Cradles are interesting period pieces, and this one is a good example of the style of the late nineteenth century into the early twentieth century.
The spindles might be oak, but the bent frame is probably ash. The slight cracking of those two pieces is normal, and they should remain stable hereafter.
If the mattress appears to be old, it most likely is original. Cradles did not receive heavy wear, as the baby-occupants were in them usually less than a year. The homespun mattress is an asset in considering the cradle’s overall value.
Cradles are indicative of the truth that antiques are commodities, the values of which come and go. At present, cradles do not bring as much as they did 30 years ago. In the 1950s using them in living rooms and dens as magazine holders was the decorating rage, consequently they brought higher prices as the demand was great. That fad seems to have abated, and now cradles are more difficult to sell. This one is worth $175, a significantly lower sum than it would have been some years ago.
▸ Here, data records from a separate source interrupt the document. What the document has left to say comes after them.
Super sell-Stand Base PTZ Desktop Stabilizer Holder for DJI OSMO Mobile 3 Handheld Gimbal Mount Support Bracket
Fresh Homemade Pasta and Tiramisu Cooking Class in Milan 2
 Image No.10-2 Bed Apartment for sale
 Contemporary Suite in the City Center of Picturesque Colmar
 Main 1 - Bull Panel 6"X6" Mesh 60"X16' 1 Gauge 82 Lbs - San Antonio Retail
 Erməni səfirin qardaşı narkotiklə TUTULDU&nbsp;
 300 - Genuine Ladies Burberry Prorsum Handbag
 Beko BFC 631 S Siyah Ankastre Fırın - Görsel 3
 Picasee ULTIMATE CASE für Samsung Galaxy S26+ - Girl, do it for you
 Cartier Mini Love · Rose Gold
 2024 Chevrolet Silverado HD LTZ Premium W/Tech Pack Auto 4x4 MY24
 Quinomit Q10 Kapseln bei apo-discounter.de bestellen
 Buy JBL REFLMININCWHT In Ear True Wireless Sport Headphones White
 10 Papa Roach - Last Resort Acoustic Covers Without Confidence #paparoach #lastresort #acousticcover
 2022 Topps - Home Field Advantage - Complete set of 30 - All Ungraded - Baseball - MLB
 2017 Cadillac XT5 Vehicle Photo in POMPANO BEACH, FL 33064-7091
My mother was part of the demand movement when cradles were popular, and the one she bought in the Shenandoah Valley over 50 years ago, served more recently not as a magazine rack, but as our two children’s first bed for the initial year of their lives. My wife made a new mattress for it, and it worked quite well in its original function.
As to the future, popularity is relative, and undoubtedly one day cradles will make a comeback on the market. In the meantime, keep rocking.